For someone, like myself, who is used to living in a democratic system, who almost takes for granted the fact that my vote will be fairly counted, the brave opposition of the ordinary people of Sierra Leone during those nine months of military rule was humbling to watch. I remember one poignant scene a few months ago on one of Freetown's attractive beaches. It was Sunday afternoon and two senior members of the military regime, or military junta as it was usually known in Sierra Leone, were parked at the western end of the bay.
They had their regulation four wheel drive vehicles with blacked out windows, and they were wearing the sort of forbidding mirror-shade sunglasses that seem to be de rigeur with soldier politicians. Next to their cars on the beach were half a dozen teenagers with automatic machine guns who had taken up positions to protect their masters. This was a totally incongruous scene for Freetown, where the beach, on Sundays, is normally a place for fun, families and relaxation.
But no-one on that three mile long beach wanted to be anywhere near these men who were, nominally, at least, their leaders. I drove along the beach for several minutes, past a huge stretch of empty sand before I came across a game of beach football and a few families picnicing. That distance along the beach was symptomatic of the gap between the democratic aspirations of ordinary Sierra Leonians and the mostly thuggish actions of those in power during the military regime.
But back to the celebrations in Freetown as the President returned home.
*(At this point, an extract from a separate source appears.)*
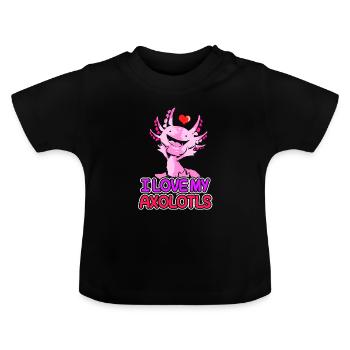 Axolotl Reptile Salamandre Aquarium Kawaii Lurch - T-shirt bio col rond Bébé - noir - Devant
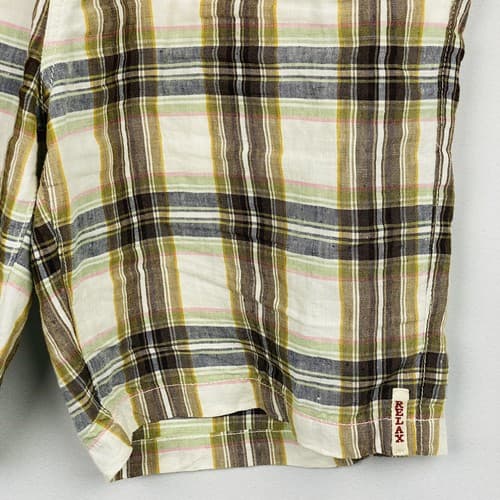 Tommy Bahama Relax Linen Shorts Mens 34 Bermuda Flat Front Plaid Multicolor 10" - Thumbnail 3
It was impossible to move vehicles because the streets were groaning with the weight of people. On one corner there was a group belonging to the Watch Menders Association of Sierra Leone. These are the men who work mainly at tiny stalls on the roadside, making minute repairs to watches which in richer parts of the world would be thrown away. A banner read proudly: "The watch makers association of Sierra Leone welcomes home President Kabbah".
At this point in my report, I should, I suppose, give some political analysis. I should say that President Kabbah is not going to have an easy ride, that his political honeymoom may soon be over. I should add that some members of the ousted military are still at large and control parts of the East of Sierra Leone. I could speculate that President Kabbah may end up being totally beholden to the Nigerian led military force which returned him to power. And I should certainly point out that it's supremely ironic that Nigerian soldiers, hailing from a country with its own military dictatorship, have re-installed a civilian regime in Sierra Leone.
But, for once, I'm not going to dwell on that sort of cynical political star gazing. And here's why. When we went onto the streets of Freetown with our camera and tape recorder to ask people what they thought, they were all, every single one of them, optimistic. When we asked them if they were worried about the role of the Nigerians, they all, every single one of them, said no, they were just grateful to Nigeria for having removed the military from power in Sierra Leone.
I've reported enough depressing stories over the years and there will be plenty of time to chronicle Sierra Leone if things go wrong. For now, I can report that Freetown, when the civilian President returned home, was a place that was overwhelmingly happy.